◆ **Work request**:
The pictures are to be left out, and all remaining data is to be transcribed exactly as it appears.

◆ **Supplied data**:

-=-=-=-=-

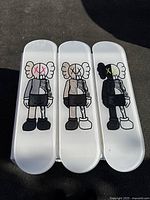 Three decks laid flat showing front-side KAWS Companion graphics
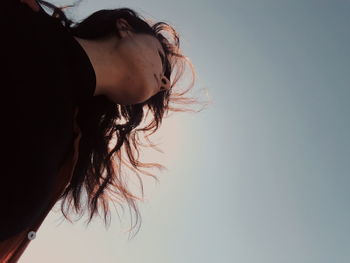 Low angle view of woman against sky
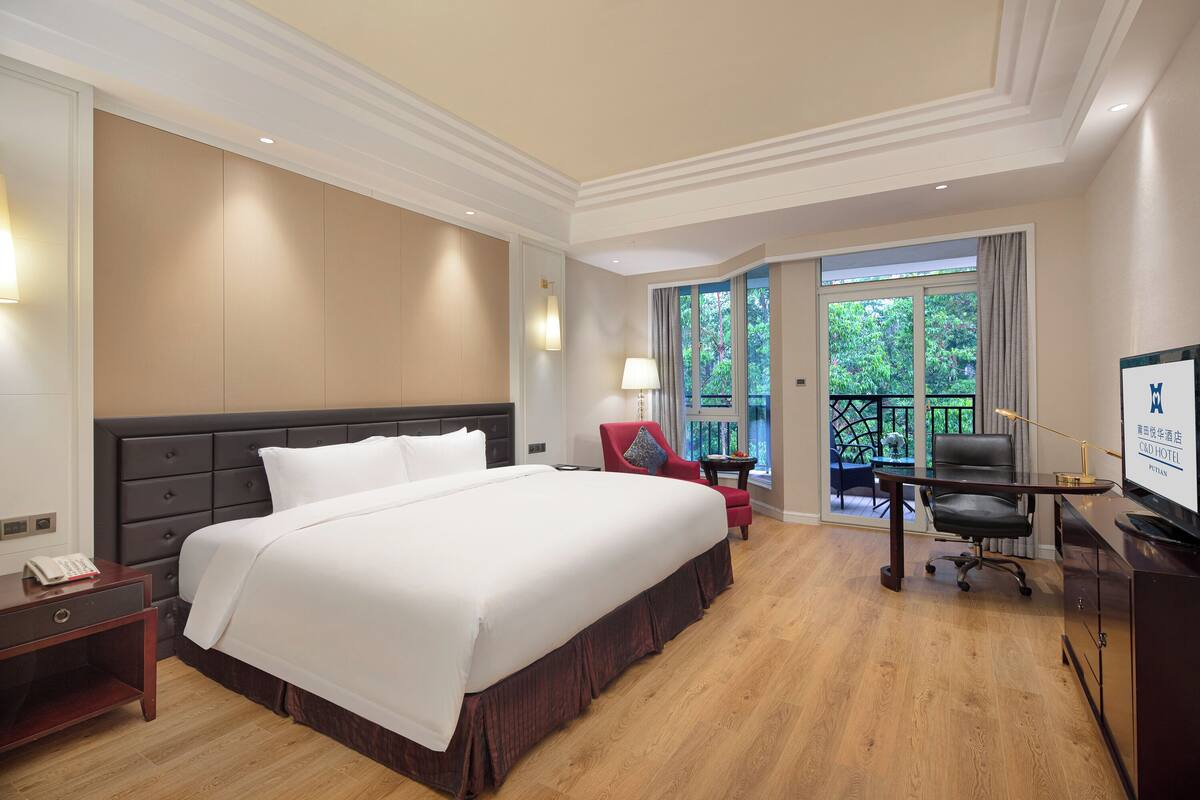 A hotel room with a large bed, a desk, a chair, and a balcony with a view of greenery.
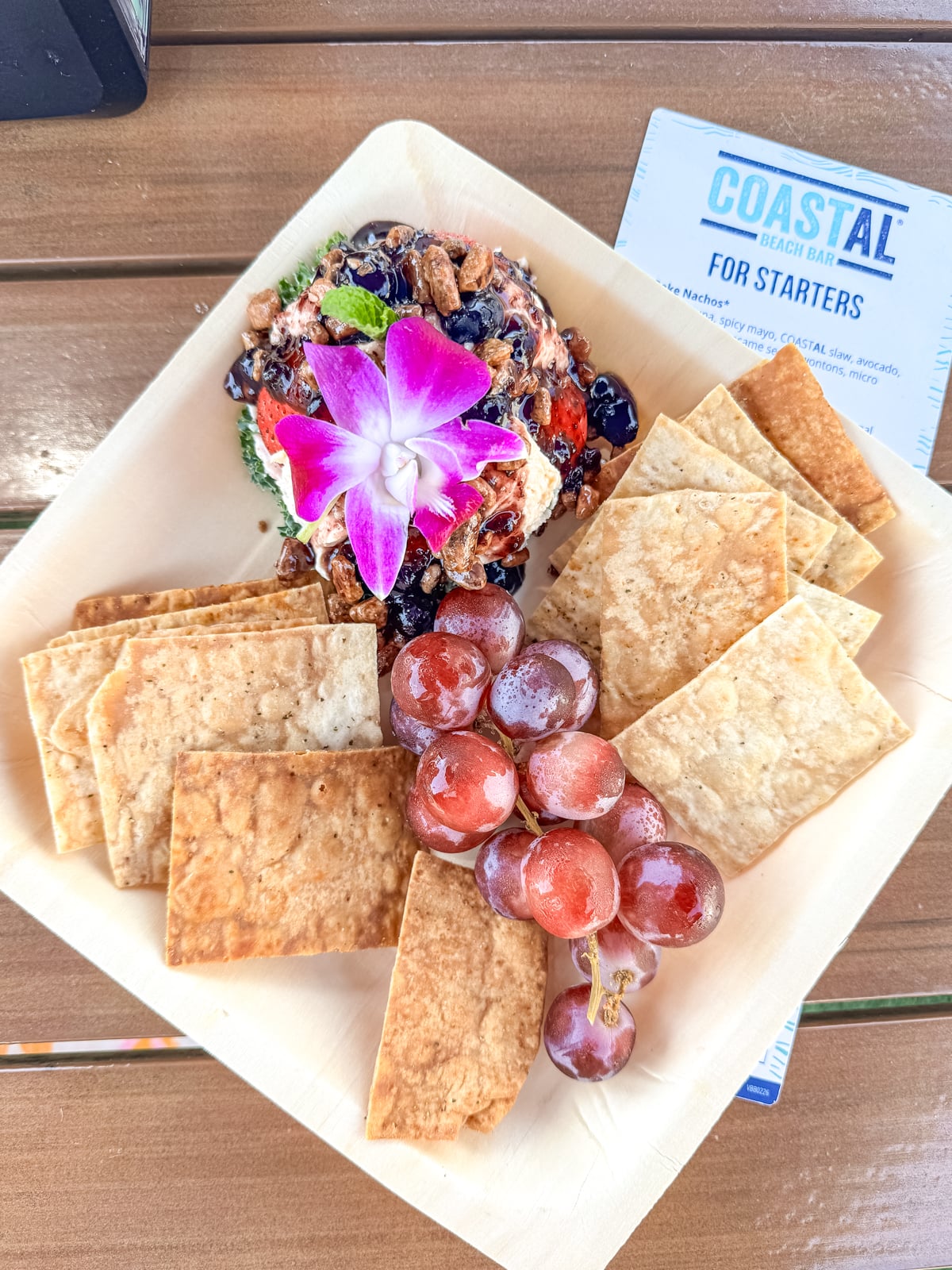 A square plate with crackers, red grapes, and a cheese ball topped with dried fruit, nuts, and a purple flower, placed on a wooden table next to a Coastal Beach Bar menu.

-=-=-=-=-

◆ **Reply**:
 Three decks laid flat showing front-side KAWS Companion graphics
 Low angle view of woman against sky
 A hotel room with a large bed, a desk, a chair, and a balcony with a view of greenery.
 A square plate with crackers, red grapes, and a cheese ball topped with dried fruit, nuts, and a purple flower, placed on a wooden table next to a Coastal Beach Bar menu.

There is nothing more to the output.